WORK ITEM
Ignoring the pictures, copy the data exactly.

SOURCE DATA

■ ■ ■ ■ ■ ■ ■

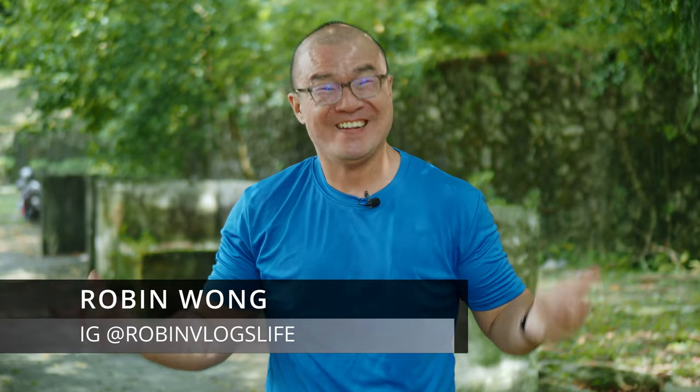Welcome back to the vlog. In this particular episode, I want to do two things: test this new lavalier microphone that I've just got, and also answer some comments on my recent photo book showcase. Let's do this!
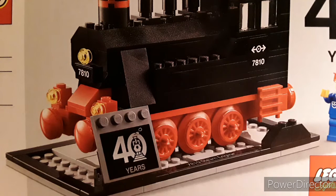My opinion on the set is, you can't complain — it's free. But it's probably going to go up in value, knowing how many collectors love this set.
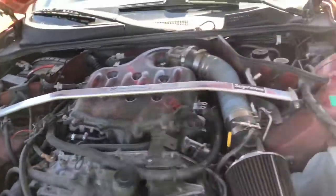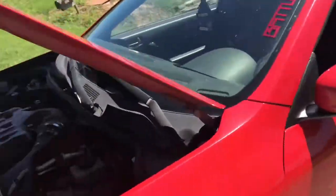Well guys, not how I wanted to start the next video, but as y'all can hear, I think the VQ is about to die. I was on my way to the lake just to enjoy the weather and it started knocking. It's full of oil — I think it just had its long run. She's done for on that drive.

■ ■ ■ ■ ■ ■ ■

TASK SOLUTION
Welcome back to the vlog. In this particular episode, I want to do two things: test this new lavalier microphone that I've just got, and also answer some comments on my recent photo book showcase. Let's do this!
My opinion on the set is, you can't complain — it's free. But it's probably going to go up in value, knowing how many collectors love this set.
Well guys, not how I wanted to start the next video, but as y'all can hear, I think the VQ is about to die. I was on my way to the lake just to enjoy the weather and it started knocking. It's full of oil — I think it just had its long run. She's done for on that drive.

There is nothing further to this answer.